▶ DIRECTIONS FOR THIS TASK:
Please write out exactly the lines of the data below from the line holding "NGAL Antibody in" through the line holding "case10-before", and leave out the rest.

▶ DATA EXTRACT:
******************************

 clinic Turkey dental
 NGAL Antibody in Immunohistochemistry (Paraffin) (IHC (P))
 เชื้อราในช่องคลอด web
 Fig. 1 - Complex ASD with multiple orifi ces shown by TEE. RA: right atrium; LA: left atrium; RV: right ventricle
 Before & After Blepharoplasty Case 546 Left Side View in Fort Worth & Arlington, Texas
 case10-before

******************************

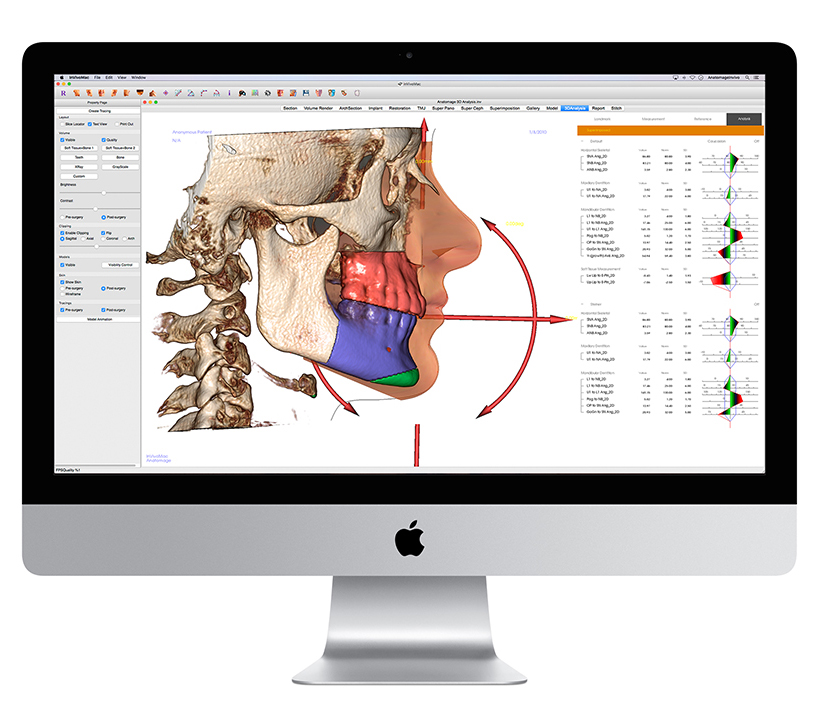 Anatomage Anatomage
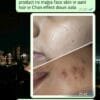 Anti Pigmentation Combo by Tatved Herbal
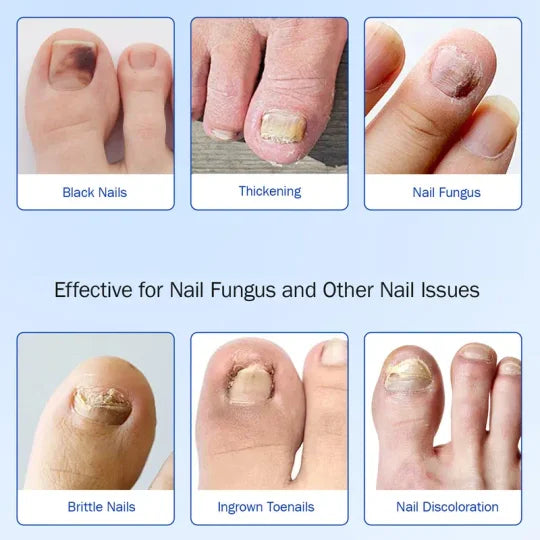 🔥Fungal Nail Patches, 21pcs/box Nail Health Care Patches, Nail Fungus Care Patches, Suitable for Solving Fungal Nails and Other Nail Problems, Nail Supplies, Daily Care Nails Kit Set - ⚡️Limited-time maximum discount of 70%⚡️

******************************

▶ EXERCISE SOLUTION:
 NGAL Antibody in Immunohistochemistry (Paraffin) (IHC (P))
 เชื้อราในช่องคลอด web
 Fig. 1 - Complex ASD with multiple orifi ces shown by TEE. RA: right atrium; LA: left atrium; RV: right ventricle
 Before & After Blepharoplasty Case 546 Left Side View in Fort Worth & Arlington, Texas
 case10-before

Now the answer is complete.